Wednesday, Jan 29th 2020
3:10 pm in Anderson 036
A Hypothetical Concentrating Solar Dish Engine for Energy Autonomous Communities
We, as a human race, already wield the technology and resources to not just provide for every living person on Earth, but to do so in a sustainable and peaceful way. The obstructions that persist are therefore largely social; out of habit and fear, we maintain systems of economic disparity, dependence, and exploitation of resources human and otherwise. However, as empowered and interconnected individuals, we can choose to now let go of the systems that serve only the few. One proposed approach, producing a decentralized network of energy nodes, can be realized by transforming the abundant power of the sun via thermal strategies. We will explore the physical principles of one such design concept: the parabolic solar-concentrating dish-engine system. A machine like this could power autonomous small-scale communities and true healing of the human-Earth relationship can begin.
Friday Jan 31st 2020
3:30 pm Anderson 036
Spintronics is the sub-field of physics revolving around the manipulation of spin degrees of freedom. Used to augment or replace the role of charge in electronic systems, the quantized nature of spin makes it a strong candidate for information storage and processing encoded in binary digits. Spintronics has its roots in magnetoelectronics, which takes advantage of spin-dependent magnetoresistive effects to produce devices such as magnetic read-heads for sensing dense storage media. In this talk I will explore fundamental principles of spin, spin-related effects, and ferromagnetism. I will also discuss how spin-based devices may solve limitations of their charge-based counterparts, such as annoying heat dissipation, and show some exciting potential applications in transistor physics and logic.

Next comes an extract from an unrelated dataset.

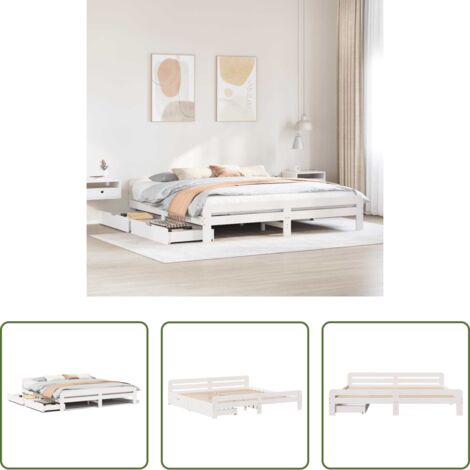 Letto con rete a doghe -  Giroletto senza Materasso Bianco 200x200 cm Legno Massello Pino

Sharan Ganjam Seshachallam Monday, Feb 3rd 2020
8:30 am Anderson 036
Quantum dots are tiny microchip structures that are created on the atomic size scale. Their unique properties make them highly prized for potential applications in modern computing, optics and electronics. Besides providing a general overview of fabrication techniques and technological applications, we will give special attention to theoretically modelling how electrons move through quantum dots. Thinking of certain shapes of quantum dots in terms of billiard ball tables, we are able to explore an interesting appearance of classical chaos in the quantum realm. In this project, we will outline the process of making semiclassical (high-energy) approximations when modeling electron motion through certain quantum dot shapes, and connect the classical notions of chaos to the behavior of quantum systems, bridging the intuitive picture of billiard ball dynamics with the less accessible idea of electron transport.